*Task to complete:*
Filter the lines below, copying only those with the string "these".

*Data to use:*

* * * * * * *

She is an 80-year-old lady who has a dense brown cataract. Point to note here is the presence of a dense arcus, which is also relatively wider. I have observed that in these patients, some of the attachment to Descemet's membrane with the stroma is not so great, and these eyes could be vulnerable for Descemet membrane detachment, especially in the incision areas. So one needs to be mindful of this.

* * * * * * *

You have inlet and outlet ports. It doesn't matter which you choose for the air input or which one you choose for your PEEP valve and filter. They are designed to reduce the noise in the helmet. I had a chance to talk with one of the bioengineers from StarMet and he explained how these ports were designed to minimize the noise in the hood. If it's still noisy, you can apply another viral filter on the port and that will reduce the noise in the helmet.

* * * * * * *

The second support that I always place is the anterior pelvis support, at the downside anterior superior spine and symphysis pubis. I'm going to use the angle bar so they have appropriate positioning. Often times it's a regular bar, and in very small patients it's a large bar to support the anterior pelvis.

* * * * * * *

*Exercise solution:*
She is an 80-year-old lady who has a dense brown cataract. Point to note here is the presence of a dense arcus, which is also relatively wider. I have observed that in these patients, some of the attachment to Descemet's membrane with the stroma is not so great, and these eyes could be vulnerable for Descemet membrane detachment, especially in the incision areas. So one needs to be mindful of this.
You have inlet and outlet ports. It doesn't matter which you choose for the air input or which one you choose for your PEEP valve and filter. They are designed to reduce the noise in the helmet. I had a chance to talk with one of the bioengineers from StarMet and he explained how these ports were designed to minimize the noise in the hood. If it's still noisy, you can apply another viral filter on the port and that will reduce the noise in the helmet.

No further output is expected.